Untuk melakukannya, juga sudah ada panduan yang jelas: Momong, Among, Ngemong, Ngomong. Secara ringkas mungkin formula ini bisa disebut papat (4) Mong atau Pat Mong. Mong yang pertama yakni momong dalam Bahasa Indonesia disetarakan dengan mengasuh, berarti merawat dengan tulus dan penuh kasih sayang serta membiasakan dilakukannya hal-hal yang baik. Sedangkan among berarti melayani sekaligus memberi contoh, edukasi, kepada masyarakat, baik di kala tindakannya terlihat mau pun tidak terlihat.

Ngemong memiliki arti tekun mengamati agar bisa mengarahkan semua potensi yang ada dalam masyarakat supaya mampu berkembang sesuai potensinya dalam segala keadaan. Adapun ngomong adalah kesediaan pemimpin berkomunikasi dengan masyarakat secara intens agar tercapai kesepemahaman bersama tentang apa yang ingin dicapai dan dituju secara bersama-sama.

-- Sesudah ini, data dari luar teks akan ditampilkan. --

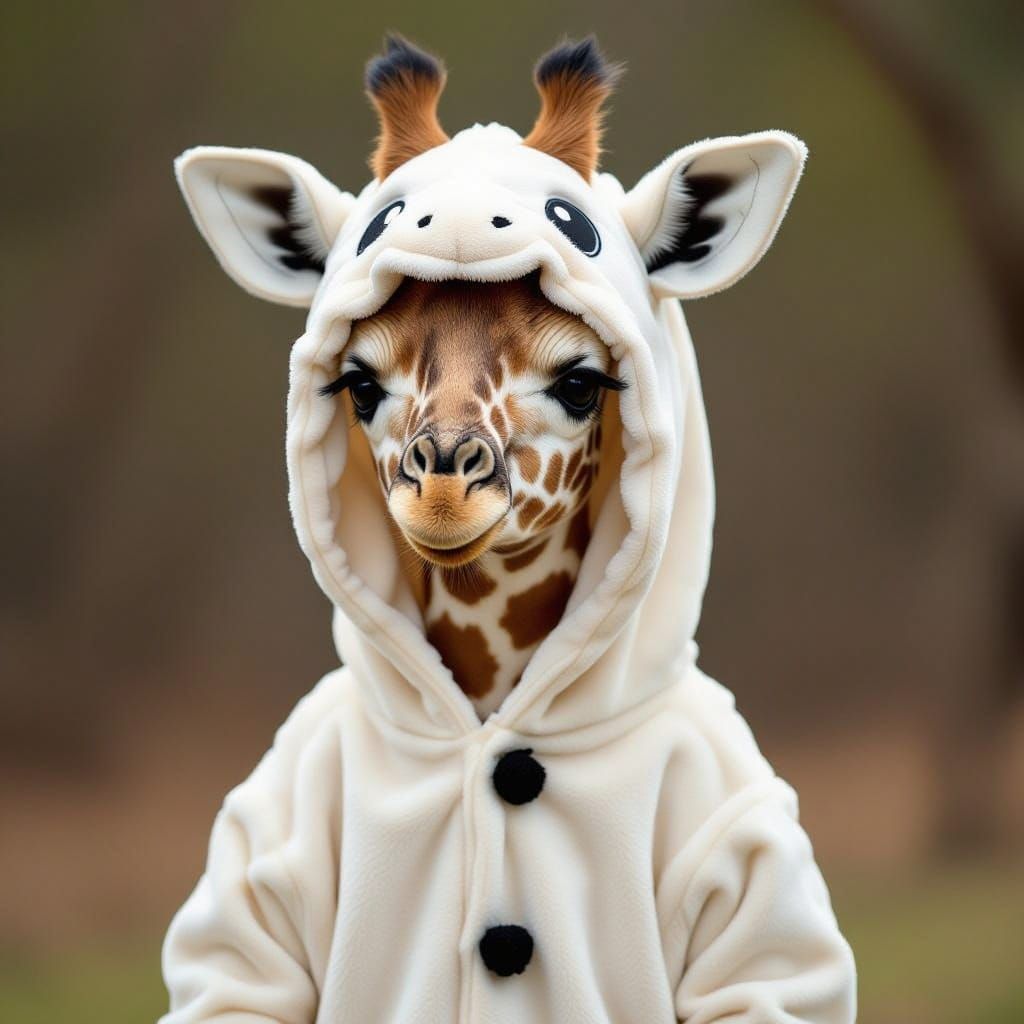 Cute Giraffe in Ghost Costume Realistic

Cek ombak apakah empat mong yang dilakukan sudah mencapai garis yan diharapkan, lagi-lagi masyarakat Jawa punya ukuran kualitatif yang disebut “manunggaling kawula-Gusti”. Ini bukan tentang spiritual, tapi tentang parameter kualitatif kepemimpinan yang ditafsirkan sebagai tercapainya satu pemahaman antara masyarakat dan pemimpin, yang dalam khazanah modern mungkin setara dengan approval rating atau bisa juga disebut tingkat kepuasan publik.

Itu sekedar uraian sederhana, barangkali bermanfaat, setidaknya sebagai cermin mematut diri bagi mereka yang berniat maju dalam Kontestasi Pilgub Jateng 2024.

Bagi pemegang hak pilih, barangkali uraian ini bisa sebagai pertimbangan untuk memutuskan. Sumonggo.

Tulisan merupakan opini pribadi, tidak merepresentasikan atau mewakili organisasi/institusi/lembaga RMOLJawaTengah dan afiliasinya.